What you are asked to do: From the very first line of the data to the line containing "250v 6a Rocker", retype everything exactly, leaving the pictures behind.

Data extracts:
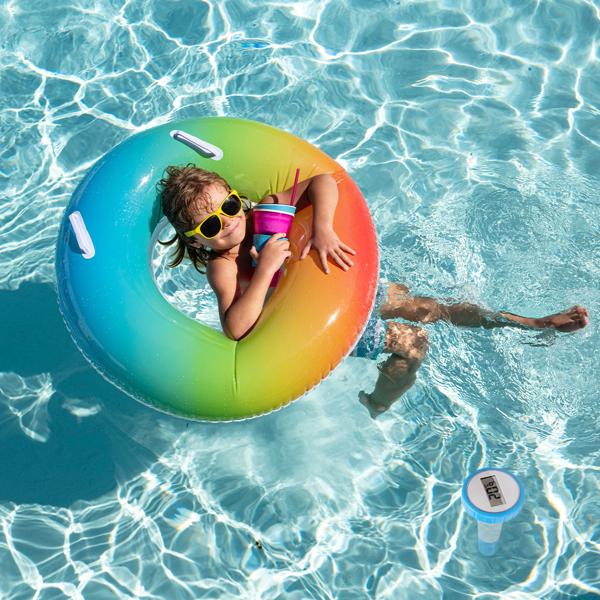 Digitales Funk-Poolthermometer - Präziser IPX8 Sender, grosse LCD-Basisstation - Wassertemperatur Pool/Teich - bis zu 3 Thermometer, -20 bis +60 °C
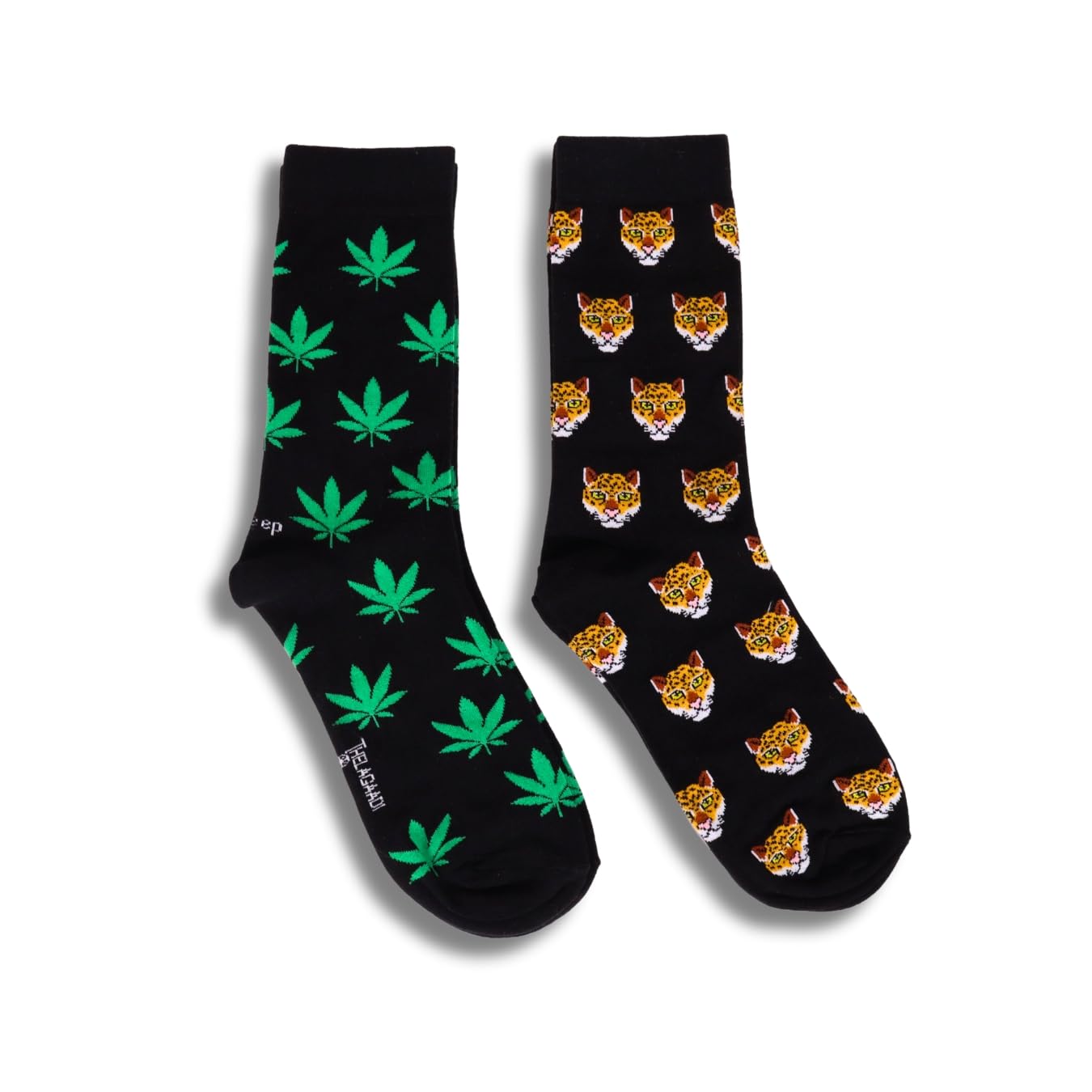 THELA GAADI Black Leopard & Hemp Socks - 100% Combed Cotton Printed Funky Socks for Men & Women | Crew Length, Unisex, Free Size | Odour Free, Breathable | Pack of 2-picture-44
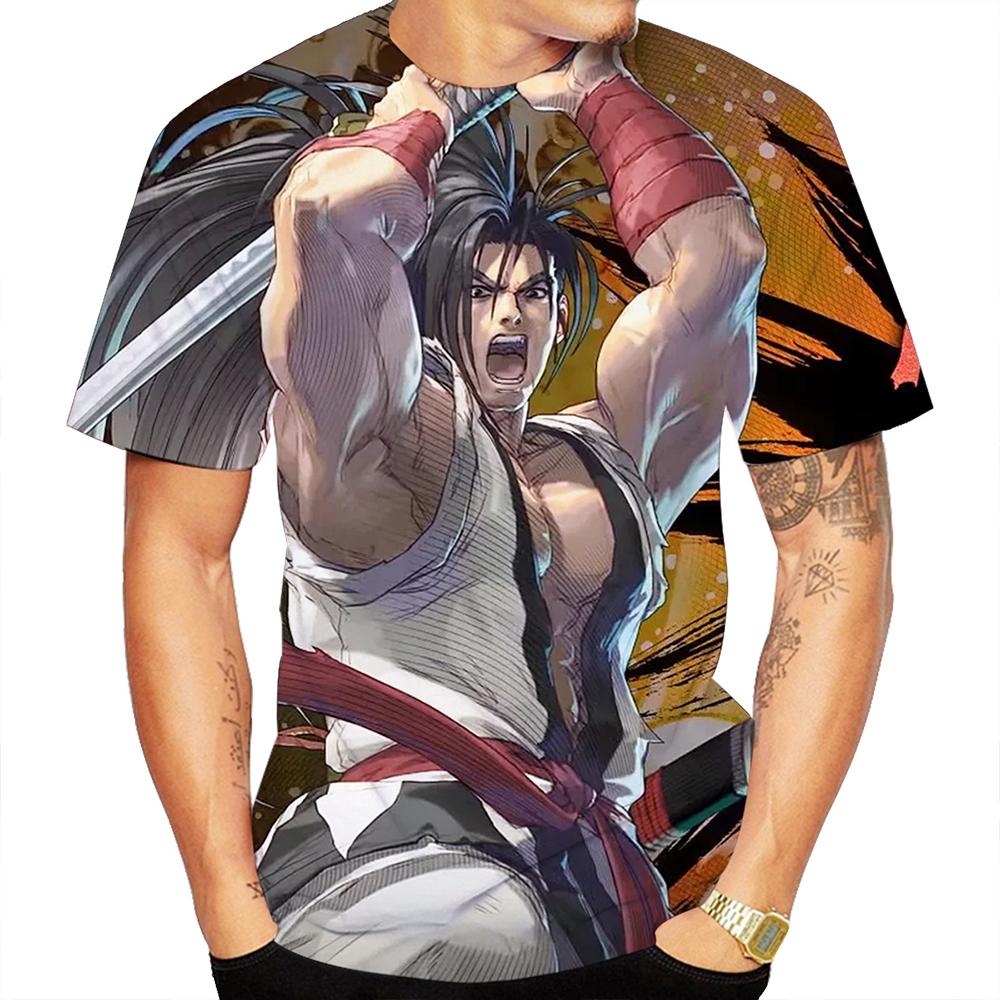 Fun fighting game creative 3D printed short sleeved T-shirt with fashionable, cool and trendy personality
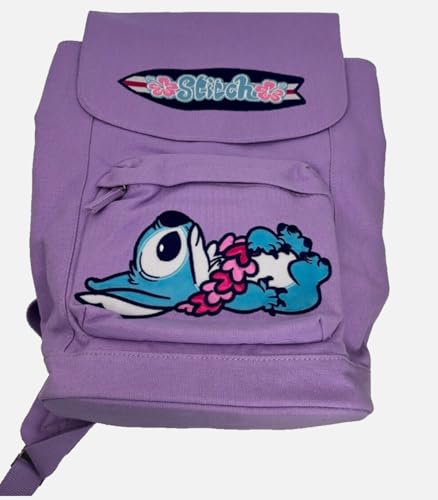 Theme Park Merchandise WDW Dis Parks Stitch Embroidered Purple Backpack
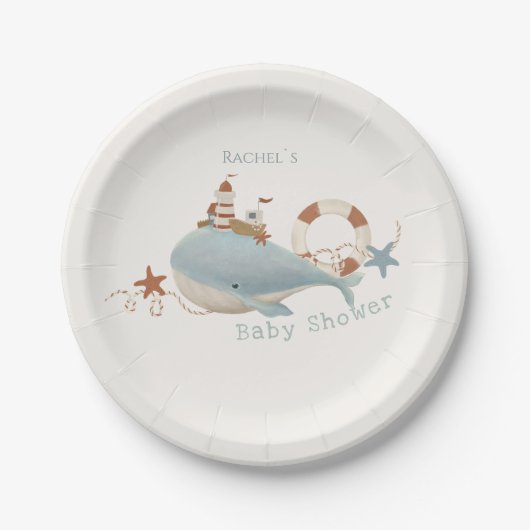 Baby shower van de schattige walvis papieren bordje (Voorkant)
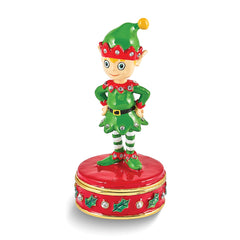 Luxury Giftware by Jere Bejeweled Crystals Gold-tone Enameled JANGLE Elf Trinket Box with Matching 18 Inch Necklace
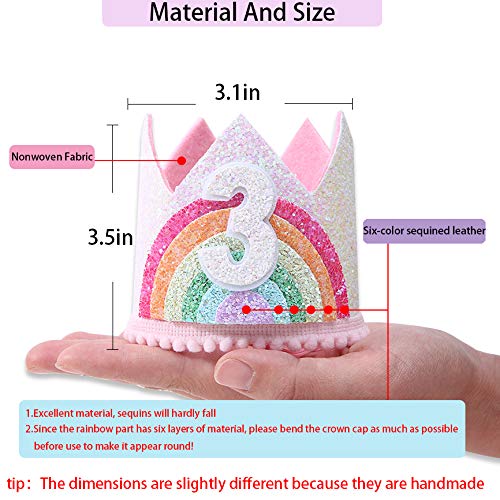 WAWUO Rainbow Birthday Crown for Girls - Glitter Felt Hat for Baby's 1st Birthday Party Photo Props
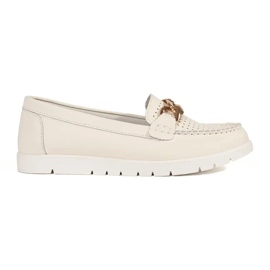 Goodin Læderlys beige loafers med en kæde på platformen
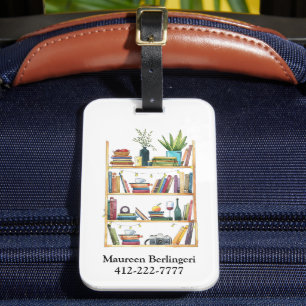 Bookshelf Book Lover Personalized Luggage Tag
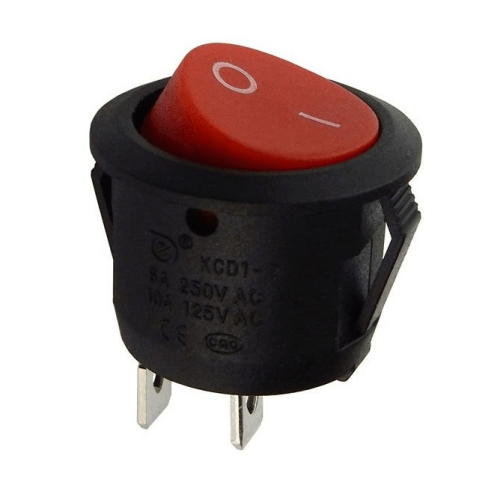 250v 6a Rocker Switch Round Black/Red 2 Pin KCD1-106 - Light Market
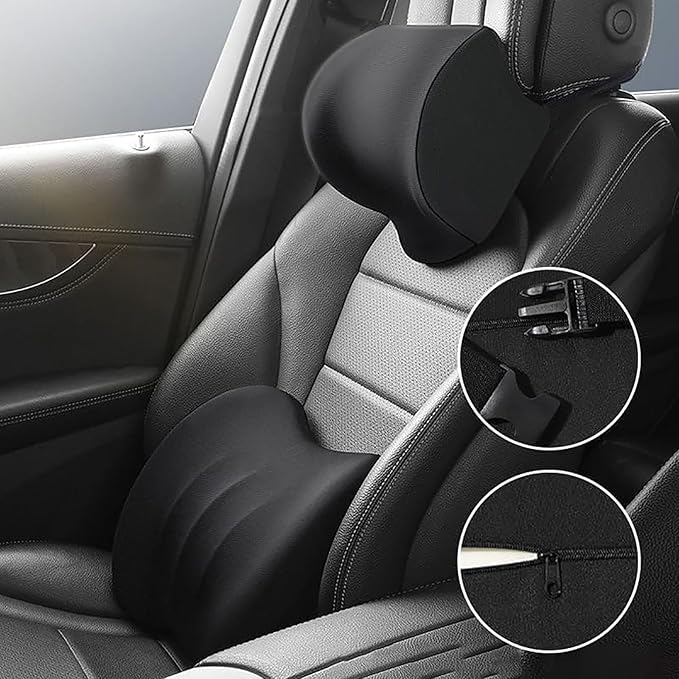Car Headrest & Lumbar Support Cushion for Toyota RAV4 2012-2024, Ergonomic Car Seat Headrest Memory Foam Neck and Back Pillow Kit Breathable Removable for Driving Fatigue Relief,B/Gray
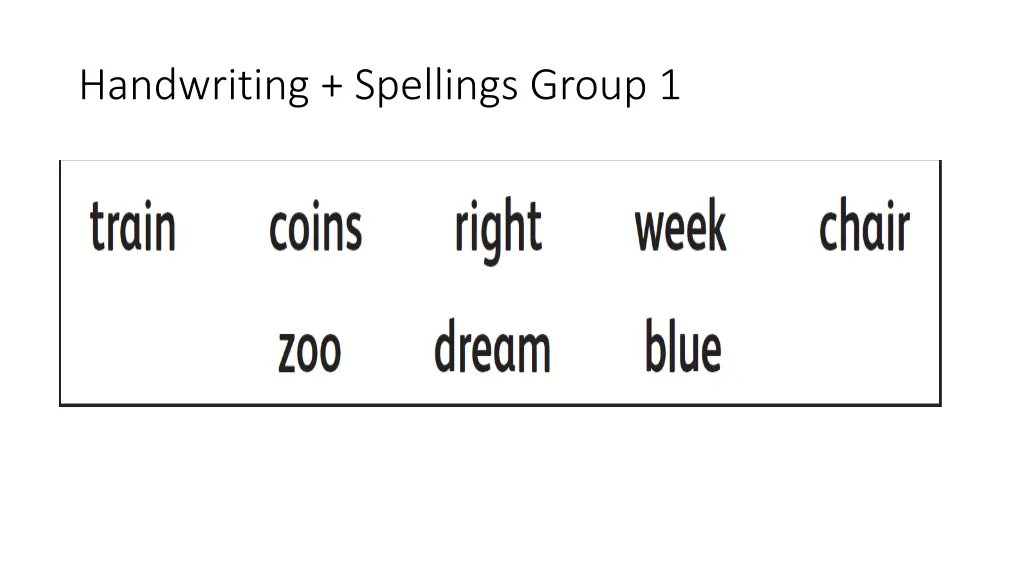 handwriting spellings group 1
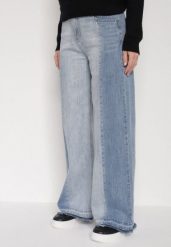 Niebieskie Dwukolorowe Jeansy o Szerokim Kroju z Wysokim Stanem Seronore. Niebieskie jeansy damskie Born2be, bez wzorów, z jeansu, biznesowe, z podwyższonym stanem. Za 129.99 zł.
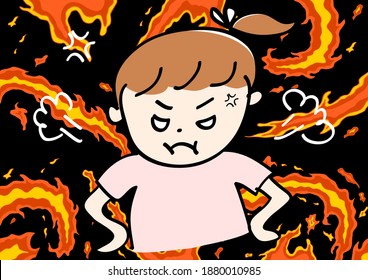 burning flame and angry woman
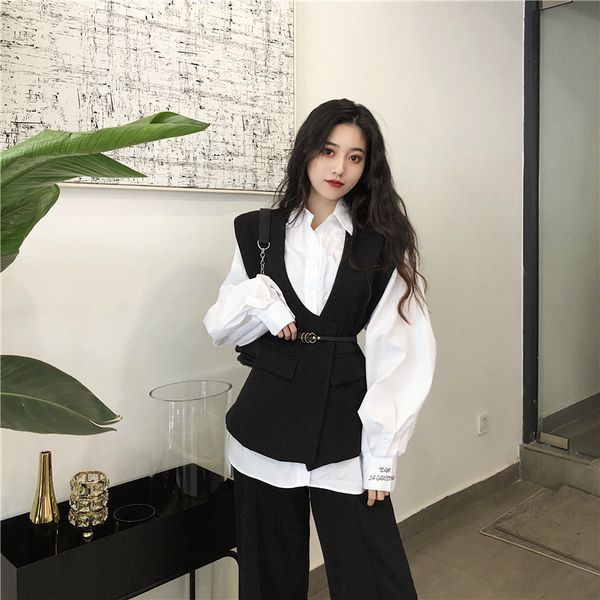 women spring autumn retro chic girls trend design single breasted printed white shirt + vest with belt casual suit
women spring autumn retro chic girls trend design single breasted printed white shirt + vest with belt casual suit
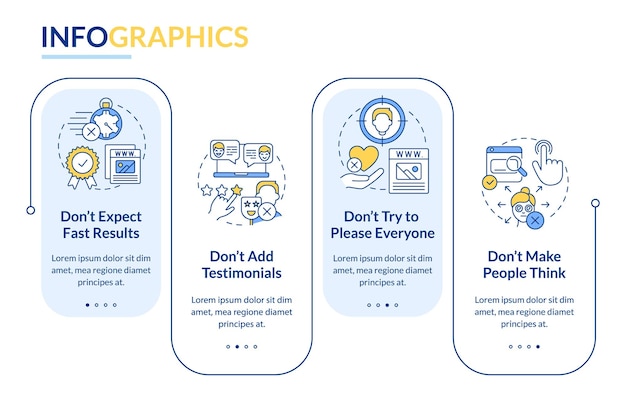 Make website donts rectangle infographic template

Exercise response:
 Digitales Funk-Poolthermometer - Präziser IPX8 Sender, grosse LCD-Basisstation - Wassertemperatur Pool/Teich - bis zu 3 Thermometer, -20 bis +60 °C
 THELA GAADI Black Leopard & Hemp Socks - 100% Combed Cotton Printed Funky Socks for Men & Women | Crew Length, Unisex, Free Size | Odour Free, Breathable | Pack of 2-picture-44
 Fun fighting game creative 3D printed short sleeved T-shirt with fashionable, cool and trendy personality
 Theme Park Merchandise WDW Dis Parks Stitch Embroidered Purple Backpack
 Baby shower van de schattige walvis papieren bordje (Voorkant)
 Luxury Giftware by Jere Bejeweled Crystals Gold-tone Enameled JANGLE Elf Trinket Box with Matching 18 Inch Necklace
 WAWUO Rainbow Birthday Crown for Girls - Glitter Felt Hat for Baby's 1st Birthday Party Photo Props
 Goodin Læderlys beige loafers med en kæde på platformen
 Bookshelf Book Lover Personalized Luggage Tag
 250v 6a Rocker Switch Round Black/Red 2 Pin KCD1-106 - Light Market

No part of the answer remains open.